Sleep is a ubiquitous, indispensable brain function that maintains physiological homeostasis. Despite its importance, people living in modern society often suffer from sleep problems such as daytime sleepiness and insomnia. Sleep is strongly affected by internal and external environmental cues, including circadian rhythms and feeding. Food choice and the misalignment of feeding habits (i.e., what and when to eat) affect the size, composition, and diurnal rhythmicity of the gut microbiota1,2,3. Fluctuations in the gut microbiota cause the alteration of metabolic state because many of the metabolites found in the intestinal lumen are produced by the microbiota, which processes compounds derived from foods4,5,6,7,8,9. The intestinal metabolic state is closely connected to brain function through the circulatory system and vagus nerve. These interactions are known as the “brain–gut axis” or “microbiota–gut–brain axis”9,10. Dysbiosis of the gut microbiota leads to the impairment of brain functions such as memory formation, cognitive function, mental health, and circadian rhythmicity9,11,12,13. Accordingly, the gut microbiota may also affect the sleep/wake cycle, representing fundamental brain state transitions. However, the impact of gut microbiota on sleep regulation has not been evaluated precisely.
In this study, we analyzed the electroencephalogram (EEG)/electromyogram (EMG)-based sleep/awake architecture to examine whether the gut microbiota contributes to sleep/wake regulation. Feeding habits can simultaneously alter the composition of the gut microbiota and stimulate peripheral sensations that evoke a variety of signals that travel to the brain.
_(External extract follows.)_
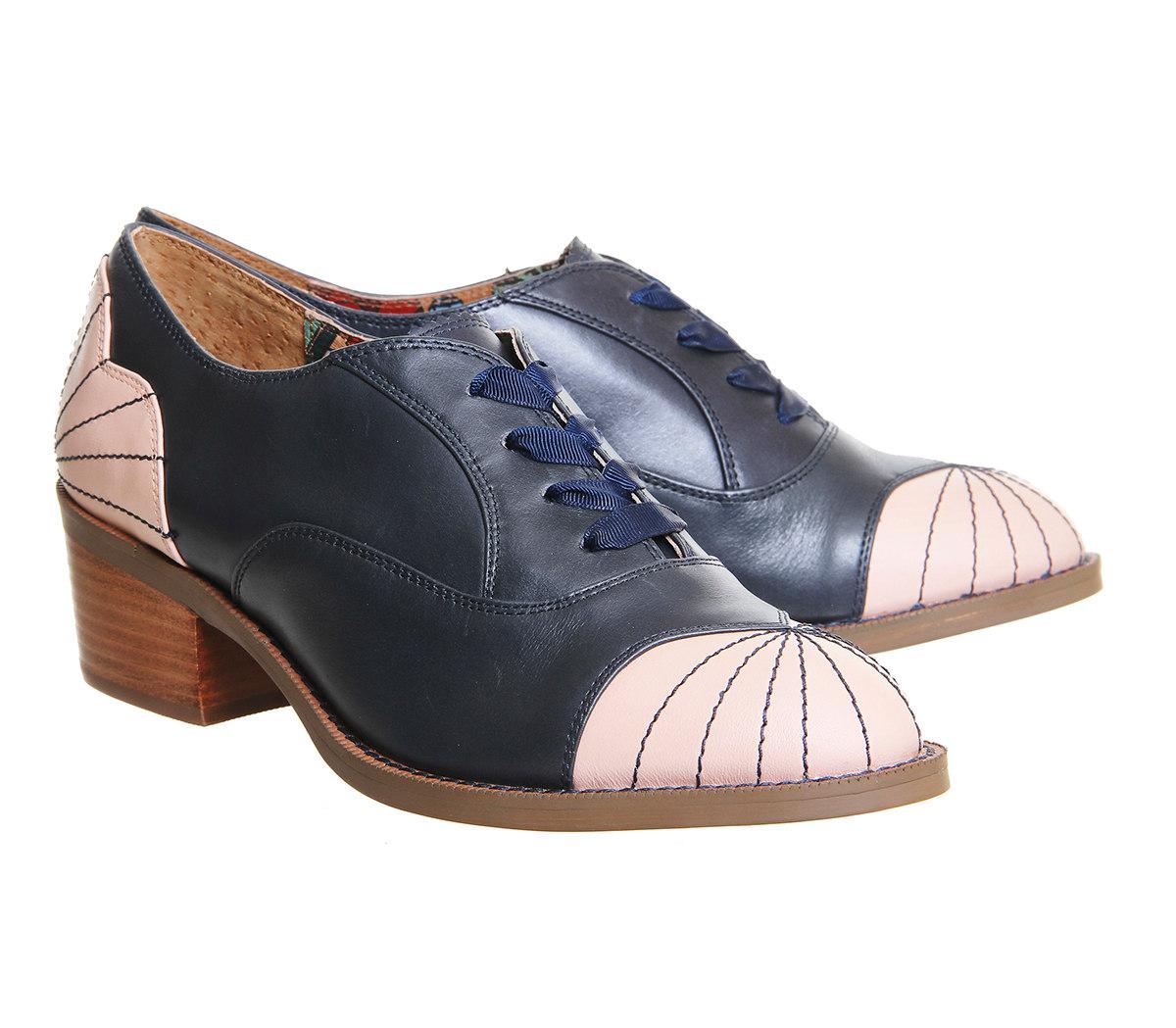 Miss Lfire Leather Williamsburg Shoe in Navy (Blue) Lyst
To evaluate the effect of the gut microbiota on sleep while excluding feeding signals, antibiotic-induced microbiota-depleted (AIMD) mice, which were treated for 4 weeks with broad-spectrum antibiotics dissolved in drinking water, were compared with control mice drinking normal water6,8,14. Metabolome profiling of cecal contents was performed to compare the AIMD and control conditions and to determine which metabolites might be involved in sleep/wake regulation. Then, the wakefulness, non-rapid eye movement sleep (NREMS), and rapid eye movement sleep (REMS) states were determined in the AIMD and control mice according to the EEG/EMG definition of sleep to reveal detailed structural alterations and effects on the sleep EEG spectrum.
Alteration of neurotransmission-related gut metabolites in the AIMD condition
The numbers of viable anaerobic bacteria in the fecal samples were 11.17 ± 5.58 × 104 in the AIMD group (n = 13) after 4 weeks of antibiotic treatment and > 4.25 ± 1.16 × 109 in the control group (n = 11; one sample contained too many to count). The number of intestinal microorganisms in the AIMD mice was 105-fold less than that in the controls (p = 0.004, Welch’s t test). The body weight of the mice after 4 weeks of antibiotic treatment did not differ significantly between the AIMD (26.12 ± 0.27 g, n = 13) and control (25.41 ± 0.50 g, n = 12) groups (p = 0.228, Welch’s t test).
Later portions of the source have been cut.